How will we feel when this dark period of history is over?
Will we, do you think, have learned anything from it?
Many people have referred to it as an unprecedented time. And of course it is. On the other hand, all of us who have been born since the Second World War have been lucky. When you consider what our grandparents’ and parents’ generation went through in the First and Second World Wars one can’t help feeling that what we have had to put up with – aside of course from the thousands of tragic deaths – is an inconvenience. So what if we have had to stay indoors, wear masks, give up long awaited holidays and not get close to one another? It seems to me that we really have very little to complain about. And it hasn’t even been a year yet!

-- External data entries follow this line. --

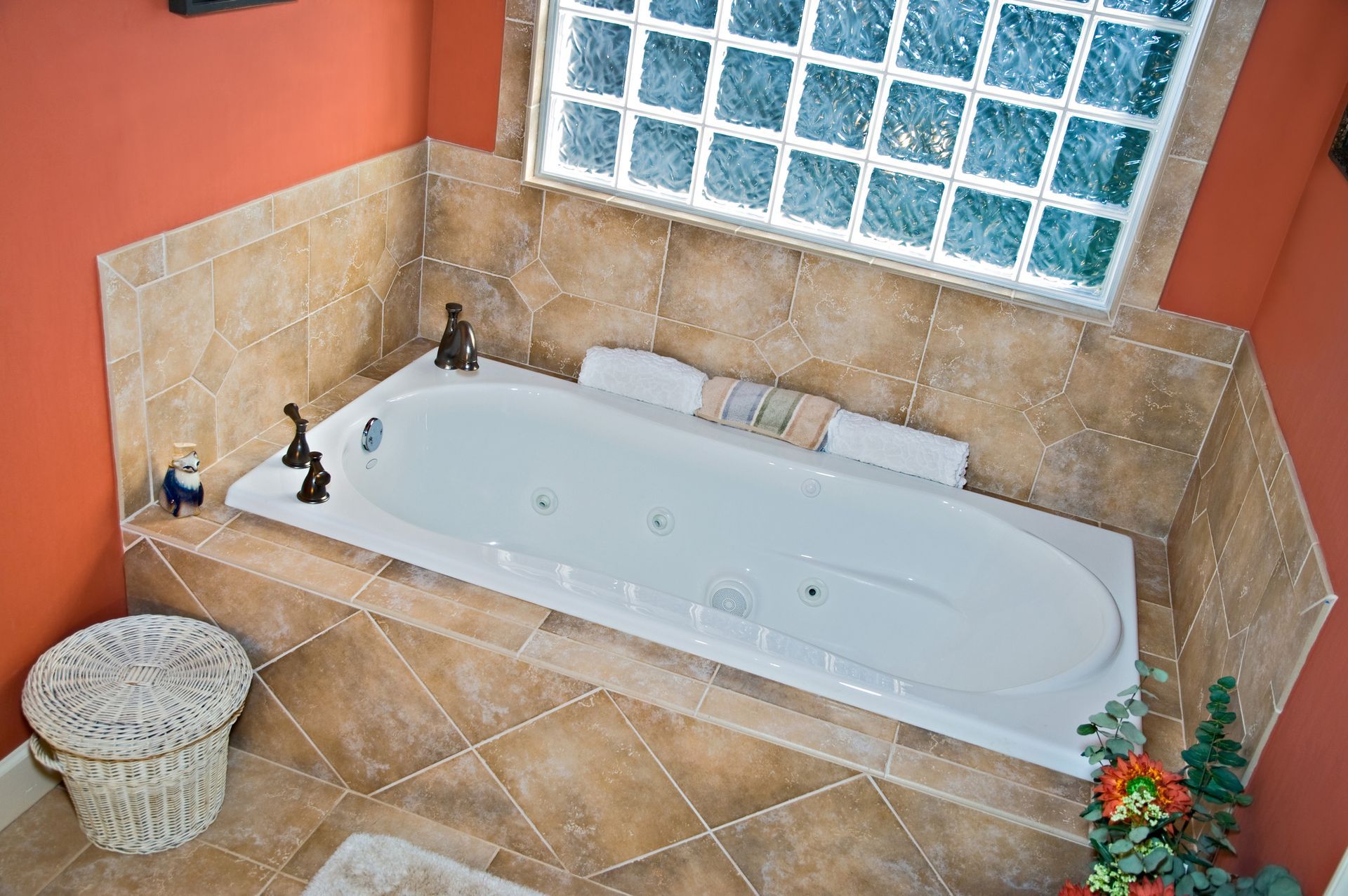 A bathtub in a bathroom with a window above it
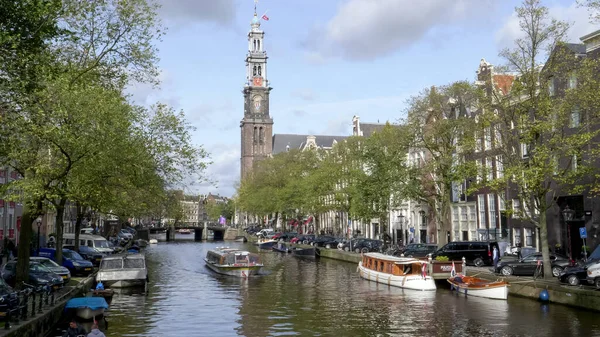 AMSTERDAM, PAÍSES BAJOS 12 DE OCTUBRE DE 2017: un barco de turismo en un canal con westerkerk en la distancia en Amsterdam — Foto de Stock
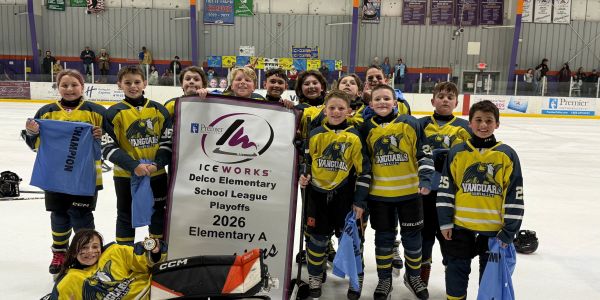 Youth hockey team celebrates playoff banner on ice rink.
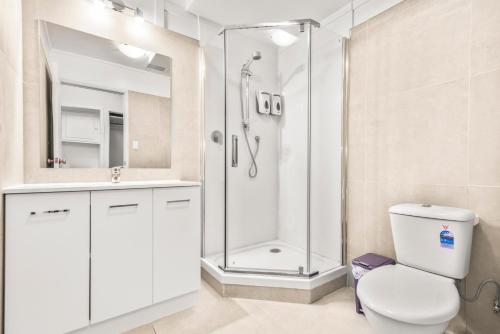 a white bathroom with a shower and a toilet at Albion Hotel in Auckland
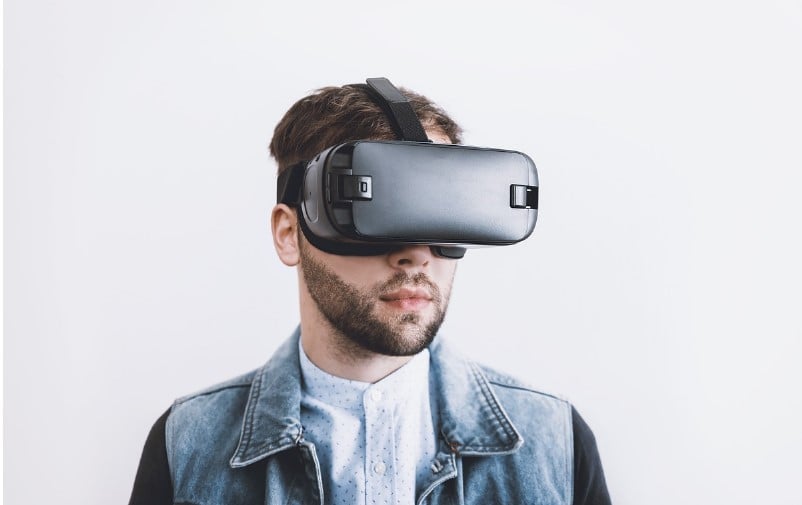model wears virtual reality headset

This is not, of course, to make light of the suffering many people have experienced in their mental health, the loss of loved ones, jobs and the dreadful effect to the economy and our way of life. But, for my generation who were born soon after the Second World War, to my mind this pandemic cannot compare to the trauma our parents’ generation experienced in the 1939-1945 war.
Children were separated from their parents. Sent away -“evacuated” – to live with strangers far from home. Thousands of people in our cities suffered the trauma of bombing – never knowing when it was their home that was going to be hit, their loved ones who were going to be killed.
My parents lived close to an aircraft factory which was a frequent target for bombs. If they couldn’t get to an air raid shelter, they would hide cowering with their small baby son in the larder cupboard under the stairs – not that that would have done them much good had a bomb fallen on their home.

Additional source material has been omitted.